Some interesting arguments for analog production were made, the most poignant of which was by artist and illustrator Hattie Stewart. She made the obvious statement that when lifts were invented, stairs were not replaced. Both continued to exist and people just used whichever one was more convenient to them at the time. Therefore digital medias will not replace analog. Artists will simply use the method which applies most to their work, and will ultimately have more options as to how they create (which is no bad thing).
It was also interesting that many of the younger creatives still believed in the future of analog methods. Analog medias are still just as relevant today as they were yesterday, if not more so as many are looking for fresh approaches to their work. In the way that Photoshop is new to the older generation, screenprinting is new to the younger generation - there will always be an old method of creating that younger artists haven't tried before, and that they can reinvent to comply with todays demands. I think that whatever older creatives argue, analog is here to stay.
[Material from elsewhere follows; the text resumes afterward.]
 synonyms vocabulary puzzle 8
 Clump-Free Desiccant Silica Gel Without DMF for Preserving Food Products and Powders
When asked about their personal opinions on using digital platforms to promote their work, many said it had left them feeling that 'it's like a million people putting their hands up at once' in terms of being noticed. But there are actually many more opportunities for an individual's or company's work to be seen when it's online, and for it to be seen globally by people who might otherwise have not seen it at all. Digital promotion has the huge benefit of allowing anyone anywhere in the world to be kept up to date with any artist, at all times, and it is a hugely useful tool that has been responsible for the launch of many artists careers.
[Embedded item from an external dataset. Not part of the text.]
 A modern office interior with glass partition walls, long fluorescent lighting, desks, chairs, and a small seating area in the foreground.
However, I was disappointed to hear that when asked how they would feel if the internet was turned off many, if not all, of the artists replied that it would be of great benefit. They felt that many aspects of communication would improve and content production would increase because everyone would have the same level of artistic output and expression. I have to disagree with this, and not only because I am part of the digital generation, but because turning the internet off would ultimately have the same effect as turning it on - people would learn adapt to their conditions, learning how to use the recourses they have, but I don't personally think production or even the quality of work would improve. The internet and digital media as a whole has given artists a new freedom of expression that they would never have been able to find otherwise and has been such a valuable tool in the evolution of the art world today.
'Made You Look' was an incredibly insightful documentary that gave me many new ideas about both the industry and my own practice. The Q&A afterwards with local artists and businesses was also a very interesting listen and gave me insight into the art community that exists within Leeds - something I had been previously unsure of how to enter in to.